Directed by: George Adams
Written by: George Adams
Starring: Theresa Santiago, Billie D. Merritt, John Tupy, John Ferguson, Peter Anthony Seay
It is exciting when someone is about to meet the family of the person they are having a relationship with. What kind of people are the relatives going to turn out to be?
Based on the short story: The Fall of the House of Usher by Edgar Allan Poe, this suspenseful thriller is full of surprises and likely to keep the viewer guessing until the end.
Morgan Segal (Merritt) and Roderick Usher (Tupy) are two young college students who are in love with each other. When Roderick returns to his home to be with his ill father, Morgan decides to follow him there unannounced and against Roderick's wishes. Once she arrives at the Usher's enormous mansion, she discovers that things there are...unusual. The property has very limited lighting and the people there, along with Roderick are wearing clothing that appears to belong to a previous century. She then meets her boyfriend's mother (Santiago), who is strict, mean, dominative and appears to be the one in charge here. From then on things go from awkward to extremely weird and sinister!

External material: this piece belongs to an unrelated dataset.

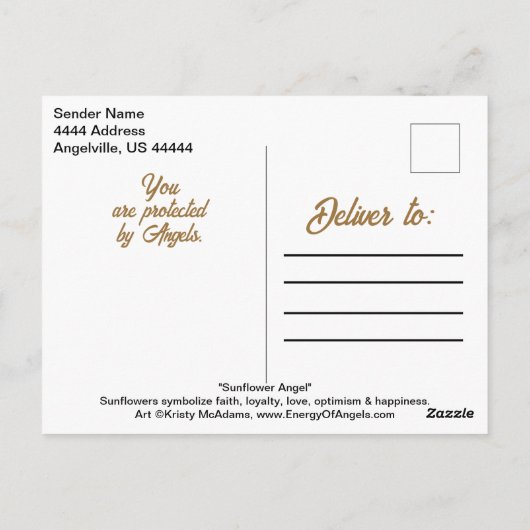 Angel Zonnebloem Stand Tall Quote Custom Name Art Briefkaart (Achterkant)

Adams has done a great job in creating suspense. The audience will become intrigued with solving the mystery of the Usher family. As the plot moves forward, there is one revelation after another, making the viewer pick up the clues along the way in order to make sense of the situations.
Santiago is the one who steals the show in every scene that she is in. She is an intelligent, strong, sarcastic, manipulative individual, who is strict with manners and will not let anyone argue with her. She truly is a menacing antagonist. And poor Tupy is the unfortunate son who is weak and under her control. Merritt is sympathetic as the well-meaning girlfriend who cares about Roderick and wants to save him from his mother.
It should be mentioned that there is plenty of sexual content and some nudity. Just to warn the ones who are offended by it.
The film almost feels like a ''haunted house horror movie'', by having the heroine exploring a large, dark house that is filled with secrets and mysterious individuals. And Michael Gordon Shapiro's suspenseful and creepy score certainly gives the film a spooky atmosphere.
Additional recognition should be given to the costumes. They are well designed and their presence helps indicate that this is no ordinary household.
However, there is a sequence that does not seem to support the film. That would be the scene that is shown during the closing credits. It resembles a music video and to be fair, sounds and looks great. Unfortunately it just appears random and maybe should not be there.
That aside, if one is in the mood for a weird tale and likes surprises, then Lady Usher is definitely worth checking out.